One example of fractioning in both directions; Gun control, opposed by conservatives and favored by liberals (and I hope I'm not over-simplifying, here).
On the conservative side, we see those who are against gun control because the Constitution says we have a right to bear arms. As a non-hunter and non-collector, I fall into that broad group. Of that group are the avid hunters with understandably stronger feelings about gun ownership. Then we have the gun enthusiasts, (collectors and shooters) and 'trophy hunters' (a practice I abhor). The broad group keeps fractioning, more and more radical groups emerge, until we have Neo-Nazi's and other white-supremacist's (which incidentally, can fall on either side of the ideological aisle).
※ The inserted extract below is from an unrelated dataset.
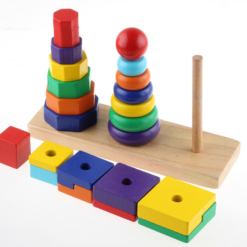 Trois pyramides en couleur en bois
On the other side of the ideological coin, the liberals. Of the main group, who sees gun control as good for safety or crime-prevention reasons, we get those who have lost loved ones to accident or crime violence. The broad group splits into radical anti-gun special interest groups, just as easily as their opponents, until we end up with extreme 'peace' groups who are as likely to spit at a soldier (ignoring the inherent 'violence' of such an act) as preach brotherly love.
Incidentally, I feel that our right to bear arms is not provided for in the Constitution so much in order for us to protect us from criminals, but for us to protect ourselves from our own government, in the event it goes too far in the direction of despotism. This argument puts a different light on issues of the 'Nazi-ism', 'Dictatorship' and USSR-style 'Socialism' rhetoric being tossed around recently. Just a thought.
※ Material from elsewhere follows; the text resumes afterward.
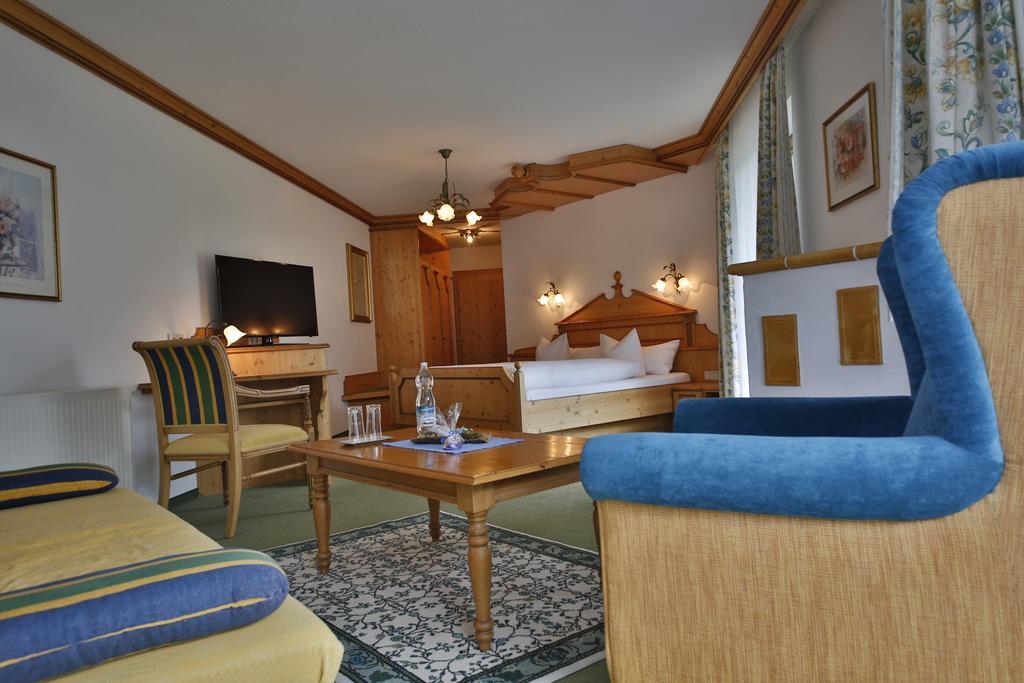 Romantik Resort & Spa Der Laterndl Hof Haldensee Chambre photo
On some issues, the disposition for the perpetrator of some heinous crime for example, similar ends are promoted by both sides of the aisle. On the death-sentence debate, conservatives prefer it while liberals mostly prefer, at worst, life in prison. Both ideologies seem to want the same result, that of keeping the criminal away from the public and keeping him from repeating his crimes.
Unfortunately, the split between the ideologies causes the radical proponents of each to refuse to see this similarity and so refuse to entertain the other's viewpoint. Non-radical conservatives worry about the expense of keeping a person in prison for decades as well as what they see as 'cruel and inhumane' punishment of decades of incarceration. Non-radical liberals worry about too quickly putting to death a possibly innocent person (a valid concern. Our justice system is full of holes), as well as the concept of equating ourselves with the perpetrator by taking a life.
The template is nearly universal; Those who love their pets to PETA, soldiers and pro-military to vigilante-ism.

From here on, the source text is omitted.